Since you mention the cellos/violas do a great job by themselves you should look at how the trombones complement these two - how trombones/vcl/vca are voiced - also take the bassoon into account on this one.


----------



## Alex Temple (Jan 11, 2012)

It depends what kind of sound you're going for. Doubling trombones with violas or celli will give the tone more weight but it will also soften the natural bite you'd get from the trombones. If you want a really heavy unison line, placing the trombones in unison with the tuba gives a pretty massive sound that can usually cut through any texture. Putting the tuba an octave down will give a deeper sound that you feel more than you hear, especially if you double that with the contrabassoon too.

That said, it's not uncommon in loud tutti passages where the horns or trumpets are playing a ff melody to have the trombones just playing chords, but at a softer mf dynamic. It helps to really fill out the tone of the chord, especially if the other accompaniment moves around quickly (dancing string runs and such).


----------



## Lex (Jan 11, 2012)

tls @ Wed Jan 11 said:


> Good day all,
> 
> 'Epic' got your attention right? Hehe. I think that's the magic word on this forum.
> 
> ...



http://www.amazon.com/Principles-Orchestration-Dover-Books-Music/dp/0486212661/ref=pd_cp_b_1 (http://www.amazon.com/Principles-Orches ... =pd_cp_b_1)

alex


----------



## Udo (Jan 11, 2012)

http://www.northernsounds.com/forum/forumdisplay.php/77-Principles-of-Orchestration-On-line (www.northernsounds.com/forum/forumdispl ... on-On-line)


----------



## tls (Jan 11, 2012)

Thanks to all! And an extra thanks to Temple for the examples! I guess I'll revisit the trombones then. 

bryla: Yes, but what is the term for trombones playing a chord? Maybe none at all?


----------



## rgames (Jan 11, 2012)

tls @ Wed Jan 11 said:


> When I'm making these kinds of big epic sound pictures with horns and strings I kinda don't find a place for the trombones.


So write something else! 

Trombones are great for adding interest to the bass line without adding too much weight. I like to use them that way, anyway. Adding the movement to the entire bass line gets too heavy sometimes - using only the bones gives it that little bit of motion without too much weight.
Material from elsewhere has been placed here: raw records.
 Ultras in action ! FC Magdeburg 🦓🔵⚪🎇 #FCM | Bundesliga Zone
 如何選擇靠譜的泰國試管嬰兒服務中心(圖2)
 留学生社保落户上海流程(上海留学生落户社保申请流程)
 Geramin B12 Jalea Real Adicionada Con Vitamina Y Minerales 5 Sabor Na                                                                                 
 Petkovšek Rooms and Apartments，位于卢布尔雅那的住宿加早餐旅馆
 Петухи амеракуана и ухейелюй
Here's an example that I did recently: http://soundcloud.com/richard-ames/flight-of-the-mighty

Also uses a bones feature at the end - I like that, too 

Hey - I've used that track twice as an example of two different things in the last couple days! Other was VSL WW in fast runs.

rgames


----------



## handz (Jan 11, 2012)

I found it strange you have troubles fitting bones into comp as they are usually very easy to wirk with in epic stuff, I sometimes have problems with trumpets that especially with samples are bit tricky. 
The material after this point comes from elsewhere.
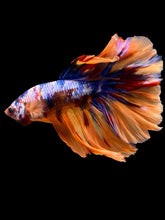 Load image into Gallery viewer, Male Halfmoon - Galaxy #2350 - Live Betta Fish
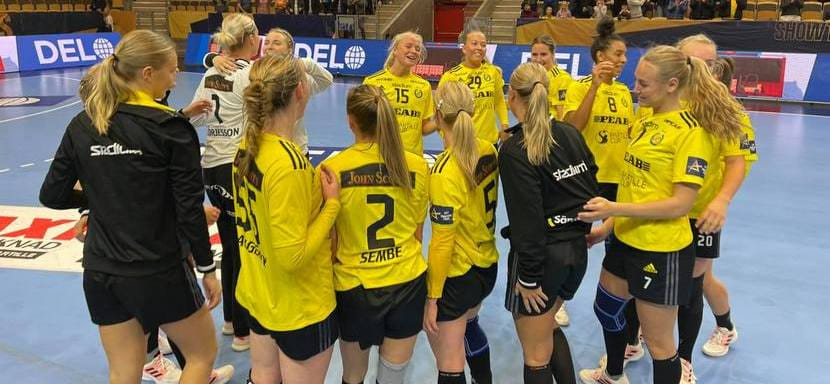 Delo Лига чемпионов. Смена главного тренера не помогла турецкому "Кастамону". Команда потерпела поражение от шведского "Севехофа"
Alex uncluded some very nice examples - Williams using them for playing short note chords as a rhytm a lot in SW action music, they also sounds very nice in unison for melodic epsic lines. It depends what samples you are working with for sure as for example I had always problems with Violas in many libs - as they not fit anywhere but once I get some neat libs problem is gone.


----------



## Cinesamples (Jan 11, 2012)

Cimbasso is also a great instrument for getting those 'blats' we all love.
CineBrass CORE has some nasty ones.

Mike


----------



## RiffWraith (Jan 11, 2012)

Trombones can:

Play 1 octave above tuba
Play 1 octave below the horns
Play 1 octave below the trumpets
Play intervals above and below all three

Write a horn line over a string pad. Make the strings play extended bowing, and make it a D. Make the horn line play D C D. Now have the trombones play A G A below.

See how nice that is? 

Write a sting line which is D E F. Or do an extened bowing on the D. Make the horn line play D E F. Now have the trombones play Bb C D

See how nice that is? 

Cheers.


----------



## RiffWraith (Jan 11, 2012)

bryla @ Wed Jan 11 said:


> trombones don't play 'divisi' - that's a string term.
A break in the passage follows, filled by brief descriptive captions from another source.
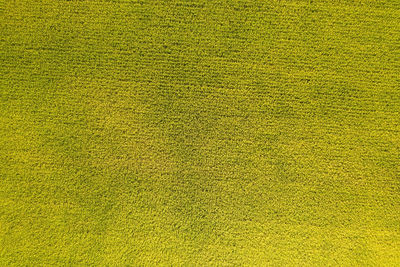 Full frame shot of yellow curtain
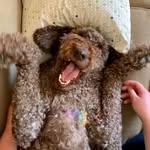 Hi, I’m Darwin! 🐾 - @darwinrosendin - Instagram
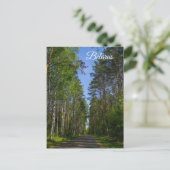 Natuur Landschapslandschap Forest Birch Belarus Briefkaart (Staand voorkant)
It's not just a string term - it's also used for choir.

So, when you have this:







That's not divisi? What is it called then?


----------



## ed buller (Jan 12, 2012)

This is exactly the sort of question that the scott smalley course answers . There is one lesson just for the brass in Danny Elfmans Batman alone.

The trombones are the " no11" of the Brass. They will blow the horns out of the water. usually best in the octave below middle C . Either playing chords or unison. They are much brighter than horns and cut right through the orchestra . Trumpets at the top of their range are as loud. You need two horns to equal one trombone. Epic horns in unison IS a big hollywood cliche. "the mummy" "lord of the rings" there is a long list but trombones are there too. "Imperial march" from star wars get's most of it's power from the trombones.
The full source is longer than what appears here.